Mama’s view on heritage only becomes clear towards the end of the story, and it is shown by her refusal to let Dee have the quilts.
Mama gives her legacy of quilts to Maggie, the uglier, scarred, less flamboyant, less confident, more traditional, less-educated sister rather than to her elder sister, Dee. (Noe and Jaynes 162)

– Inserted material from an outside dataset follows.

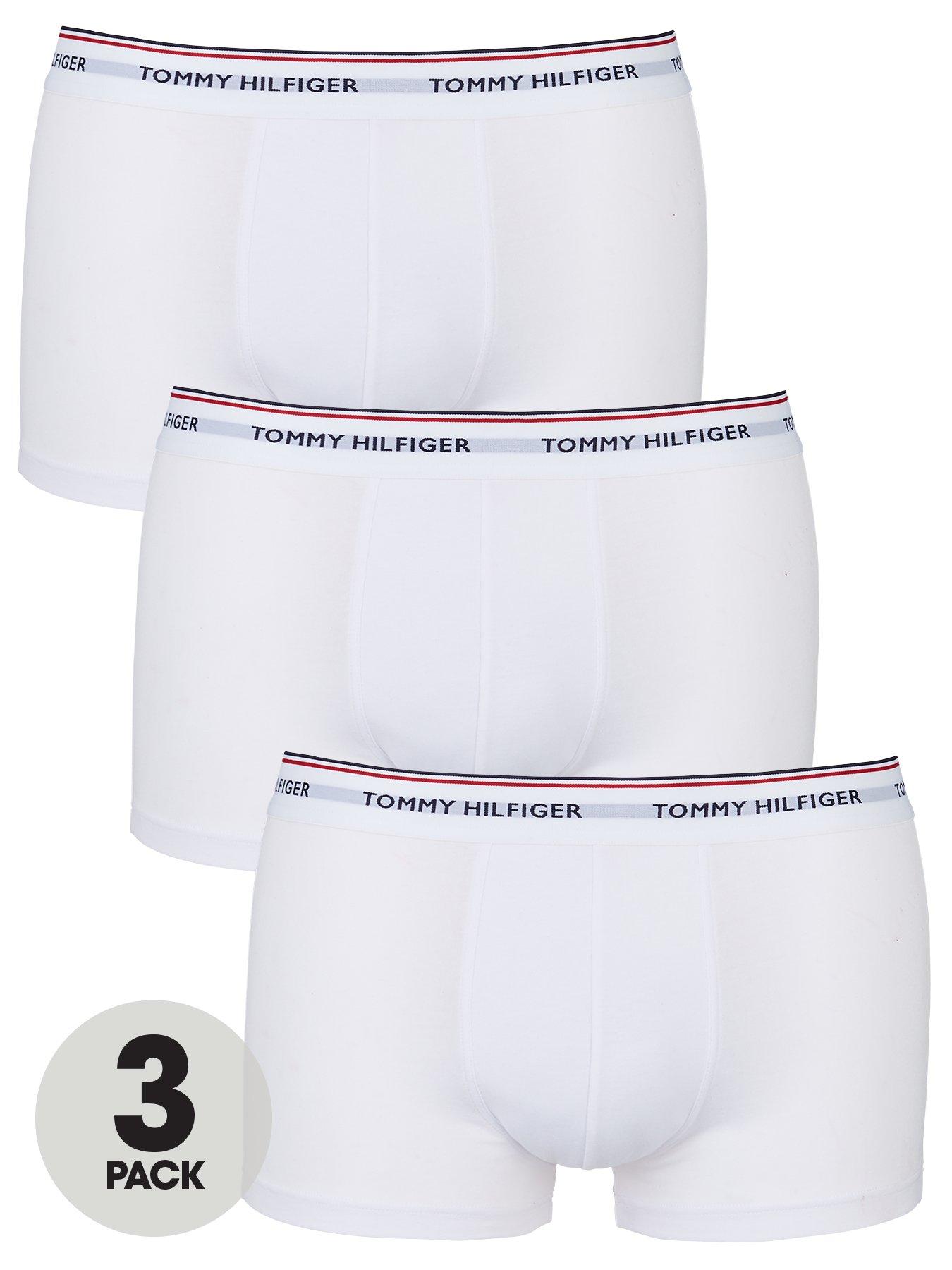 Calvin Klein 3 Pack Low Rise Trunks - White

As far as Mama is concerned heritage has to be genuine and real, and she finds Dee’s name change slightly comical, because by seeking to re-connect with her African roots, Dee is ignoring her roots in slavery and poverty – from which things of beauty like the quilts did come. But the title of the story shows that Mama thinks the quilts are for ‘everyday use’ and that Maggie (partly because she knows how to quilt herself) truly understands. Mama does not put it like this but she realizes, as Lauret (114) writes, “Like the quilt, which is made from scraps of the past to provide warmth and decoration on the bed, not the museum wall, all art should be used, not framed.” It is when Mama looks at Maggie that she realizes that Maggie is part of the tradition of quilting:
It was Grandma Dee and Big Dee who taught her how to quilt herself. She stood there with her scarred hands hidden in the folds of her skirt. She looked at her sister with something like fear but she wasn’t mad at her. This was Maggie’s portion. This was the way she knew God to work. (Walker 54)

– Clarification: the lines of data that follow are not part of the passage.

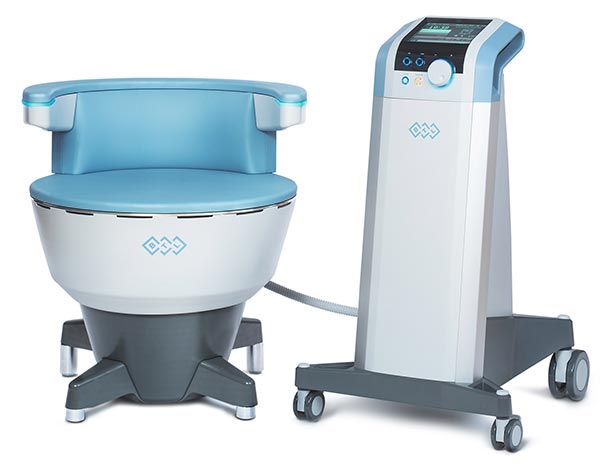 The Emsella Chair is designed for Pelvic Floor Care, including restoring control of their bladder, pelvic floor muscles and eliminate incontinence.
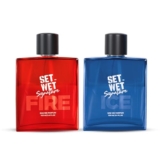 Set Wet Perfume For Men Ice & Fire 100Ml X 2 Packs | Long Lasting Perfume For Men|Gift For Men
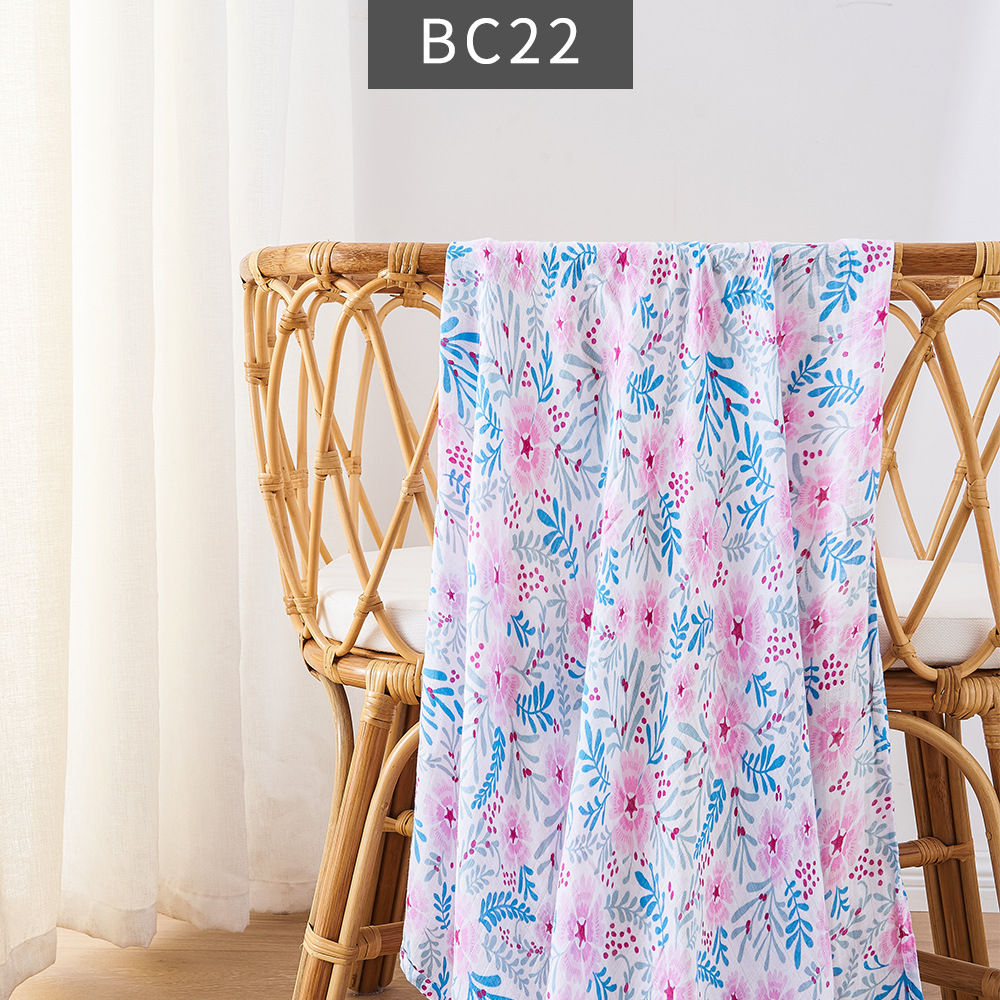 Summer Bamboo Cotton Baby Blanket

Mama understands that Maggie has a sense of heritage that Dee will never have and cannot understand, and so it is Maggie who must keep the quilts.

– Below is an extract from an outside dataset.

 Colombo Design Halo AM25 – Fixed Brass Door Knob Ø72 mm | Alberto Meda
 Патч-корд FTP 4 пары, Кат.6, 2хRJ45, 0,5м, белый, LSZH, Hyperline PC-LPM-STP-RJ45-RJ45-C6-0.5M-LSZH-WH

This story encourages us to see heritage as a link to an ancestry that you are still in touch with in your everyday life. As Skipp (122) puts it, “The visit of the superficially Africanized daughter to her mother and sister living in isolated rural poverty contrasts the attitude of the sisters toward two bedroom quilts: African heritage as display vs. heritage for everyday use.” Walker suggests through mama’s narration that heritage should be real and for ‘everyday use.’ Dee’s visit home after so many years shows that, despite her name change, her hair style and her affluence, she has lost touch with her real roots:
“The reunion does not accomplish reunification but merely underlines the distance.” (Koppleman xxvi) Maggie and Mama know exactly what their roots are because they live a life that is deeply connected with the previous generations of the family. Heritage is a provocative subject when we consider this story. Is heritage something that can be lost – as Dee appears to have lost hers? Or is it something that will forever be a part of that person – just as Maggie will always be the shy, scarred woman who knows how to quilt like her grandmother did?
Christian, Barbara. Alice Walker. 1994. New York: Rutgers University Press. Print.
Koppleman, Susan. Between Mothers and Daughters. 1985. New York: The Feminist Press. Print.
Lauret, Maria. Alice Walker. 2000. London: Palgrave Macmillan. Print.
Noe, Marcia & Jaynes, Michael. ‘Teaching Alice Walker’s ‘Everyday Use’ Employing Race, Class and Gender.’ Pages 155 – 168 in Bloom, Harold. Alice Walker: a Modern Critical View. 2007. New York: Infobase Publishing. Print.
Skipp, Francis E. American Literature. 1992. New York: Barron’s Educational Series. Print.
Walker, Alice. The Complete Stories. 1994. London: The Women’s Press. Print.